KKR Euronext vehicle in wave of write-downs

In what could be a bellwether for interim valuations in large private equity funds, publicly traded KKR Private Equity Investors has announced a round of significant write-downs in its portfolio of direct investments, in line with fair-value accounting rules that GPs around the world are facing pressure to adopt.

KKR Private Equity Investors, the $5 billion publicly traded affiliate of New York-based Kohlberg Kravis Roberts, has written down the value of a number of its portfolio investments, according to an earnings report released today.

The valuation changes highlight an issue faced by general partners around the world: how to implement fair-value accounting standards in a turbulent market. Many market observers believe that private equity firms, especially large buyout firms, will have to dramatically write down the value of the investments done over the past two years, possibly changing the dynamics of the fundraising and secondary markets.

According to an earnings report issued today, KKR Private Equity Investors has written down the value of a number of its direct and co-investments, described in the report as “changes in the unrealised fair value of investments” from the third to the fourth quarter of 2007.

KKR Private Equity Investors, traded on the Euronext Amsterdam stock exchange, is a vehicle that commits capital to KKR private equity limited partnerships, co-invests in deals sponsored by those KKR funds as well as invests directly in its own deals.
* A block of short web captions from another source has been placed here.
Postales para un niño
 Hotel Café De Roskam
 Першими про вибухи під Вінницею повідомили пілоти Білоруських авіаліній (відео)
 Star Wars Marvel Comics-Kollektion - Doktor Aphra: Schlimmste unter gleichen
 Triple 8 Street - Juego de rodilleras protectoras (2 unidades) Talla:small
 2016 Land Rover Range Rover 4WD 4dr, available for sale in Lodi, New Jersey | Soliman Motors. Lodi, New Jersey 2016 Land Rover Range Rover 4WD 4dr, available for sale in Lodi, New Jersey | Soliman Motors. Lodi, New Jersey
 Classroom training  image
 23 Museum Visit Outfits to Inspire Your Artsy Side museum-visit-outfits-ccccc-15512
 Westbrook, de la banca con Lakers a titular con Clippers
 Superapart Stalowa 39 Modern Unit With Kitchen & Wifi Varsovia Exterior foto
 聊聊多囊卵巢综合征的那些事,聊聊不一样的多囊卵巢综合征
The write-downs include a decrease in the value of an investment in NXP, a semiconductor company that was a division of Royal Philips Electronics and was in 2006 bought out by a consortium of firms including KKR, Bain Capital, Silver Lake Partners, AlpInvest and Apax for roughly €9 billion. KKR Private Equity Investors, an equity co-investor in the NXP deal, now values its position in NXP at 0.75 times cost. (On a dollar basis the value is marked at 0.86 times cost.)

It is unclear whether KKR’s primary limited partnership or any of the other private equity funds in the NXP deal will follow similar valuation policies with regard to NXP.

Other KKR Private Equity Investors write-downs include:

• German media company ProSiebenSat. 1 Media AG, decreased to 0.73 times cost from 1.0 times cost. The company was acquired last year for by KKR and Permira for €3.2 billion.

• German motorist retail chain ATU Auto Teile Unger, decreased to 0.17 times cost from 1.0 times cost

• US real estate finance company Capmark Financial Group, decreased to 1.28 times cost from a previously written-up 1.46 times cost. Capmark was acquired in 2006 for $16.8 billion in conjunction with Five Mile Capital Partners and Goldman Sachs Capital Partners.

KKR Private Equity Investors noted in its report that during 2007, the value of one of KKR’s largest deals, hospitals group HCA, had been written up to 1.2 times cost from 1.0 times cost. That deal, closed in 2006, involved $5 billion in equity from KKR, Bain Capital, Merrill Lynch and other investors. KKR Private Equity Investors did not write down the value of HCA during the fourth quarter of 2007.

Fair value accounting requires an investment manager to value a portfolio item using the price at which the asset would trade if sold today in an orderly process. Fair value is particularly difficult for private equity GPs because their firms usually own positions in private companies that are difficult to value absent an exit or financing event.

Many GPs have long been in the habit of holding investments at cost until a significant event, such as an IPO, give them the confidence to write up the value. But a new statement from the Financial Accounting Standards Board (FASB) called Statement 157 is placing pressure on private equity firms to abandon a tendency to keep interim valuations at cost and instead adopt a more dynamic valuation policy. This, coupled with declines in the stock market and a slowdown in the mergers and acquisitions market, may lead to dramatic valuation decreases for private equity investors over the next year or two.

Weakened private equity portfolio valuations may cause limited partners to slow the pace of new commitments in 2008 and 2009. It may also cause a wave of secondary activity as current limited partners seek to unload portions of their existing partnership portfolio ahead of further valuation decreases, some market observers have said.